As fighting blazes in various parts of Iraq and increasingly involves formerly quiescent groups, war has in fact roared back. With prospects for more violent conflicts eroding the envisioned scenario of Iraq's stabilization and orderly transition, a host of new political and military risks are cropping up for the Bush administration.

"This is way beyond the scope of anything anybody who was talking about [an upsurge in violence] expected," says Patrick Lang, a retired Defense Intelligence Agency officer who specialized in the Middle East.

"We have a war going on in Fallujah," a city in the heart of the so-called Sunni Triangle, "with armor and helicopters and house-to-house fighting. We have the Shiite [cleric Moqtada al-] Sadr battling us from what looks like a growing number of locations, and you have the rest of the [Shiite] population watching with interest to see how this goes," Mr. Lang says. "This is a large-scale problem going on."

Perhaps too accustomed to the idea that Iraq had entered a tense but stabilizing postwar period, Americans may need to adjust that thinking to envision something closer to warfare, with continuing risks to US soldiers and a calendar with political and religious dates that will invite political violence, some experts say.

"It's been clear for quite some time that we face the risk of episodic violence and attacks at least until a newly elected government is to take over" by January 2005, says Anthony Cordesman, a former Defense Department official and Middle East expert now at the Center for Strategic and International Studies in Washington.

Saying that the US faces at least another year of war in Iraq, Mr. Cordesman says the violence that the US did not anticipate has forced the Bush administration and the military to replace plans for months of expected peaceful occupation with prospects for years of low-level conflict.

Even with the unexpected turn in Iraq, however, hardly anyone, on either side of the political aisle or among officials and experts, is talking about pulling out - largely because doing so would be even more costly and dangerous for American interests.

The White House continues to insist, as President Bush did Tuesday, that the US will "stay the course."

Not only would abandoning Iraq now increase the threat of civil war and breakup of a strategic country in the Middle East. But ceding to chaos would also raise global doubts about American resolve, and would send a signal to sectarian groups in Iraq and to Islamic extremists throughout the region that the US can be worn down and chased away.

"They've got a tiger by the tail, and they can't let it go easily, because it will bite them," says William Durch, a security and peacekeeping expert at the Stimson Center in Washington.

And one of the "bites" the US could face, should it show doubt about its mission, would be from extremists and other anti-Western elements in the region, some say. "The problem now that we've got ourselves in this situation is that if we show weakness," says Lang, "the most backward elements of those societies are going to be energized."

One result is that some US officials are talking more about the potential need to increase troops on the ground rather than drawing them down.

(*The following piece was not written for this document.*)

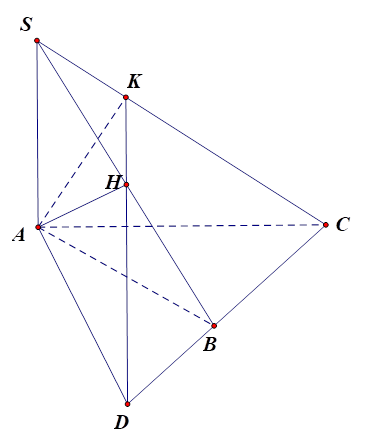 Cho hình chóp S.ABC có SA vuông góc (ABC) và tam giác ABC vuông tại B. Gọi H,K là hình chiếu vuông góc của A trên các cạnh SB,SC. Khi đó  (ảnh 1)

Sen. John McCain (R) of Arizona was on morning TV Wednesday, reminding Americans that he has been calling for additional troops in Iraq for six months. Saying national security is on the line in Iraq, Senator McCain says that unlike the engagement in Somalia, which the US walked away from in 1993, "We cannot afford to lose this."

But other political leaders say the solution is not to increase the number of troops - which could further inflame anti-American sentiments - but to increase international participation in Iraq.

"Pouring more US troops into Iraq is not the path to extricate ourselves from that country," said Sen. Robert Byrd (D) of West Virginia in a Senate speech Wednesday. "We need the support and the endorsement of both the United Nations and Iraq's neighbors to truly internationalize the Iraq occupation and take US soldiers out of the cross hairs of angry Iraqis."

Of course, the surge in violence in Iraq is still fresh and the picture is still unclear as to whether hints of a coming together of radical and frustrated Sunnis and Shiites will last. Nevertheless, new doubts are being raised about the ability to keep to the June 30 date for turning over sovereignty.

But in fact little of substance is likely to change on what is above all a symbolic date, some analysts say, and focusing on it may only be inviting more expectations - and more trouble. "June 30 is no seminal date at which some dramatic change will take place," says CSIS's Cordesman.

The other large elephant in the room influencing what happens in Iraq is the US presidential election. Iraq's power players are already toying with that date, experts say - while weighing the reality that an abrupt shift in US policy would only amplify the country's security vacuum and invite further chaos. "The Iraqis have political leverage over us because of our electoral calendar," says Mr. Durch, "but at the same time they need us, and will continue to need us for a while."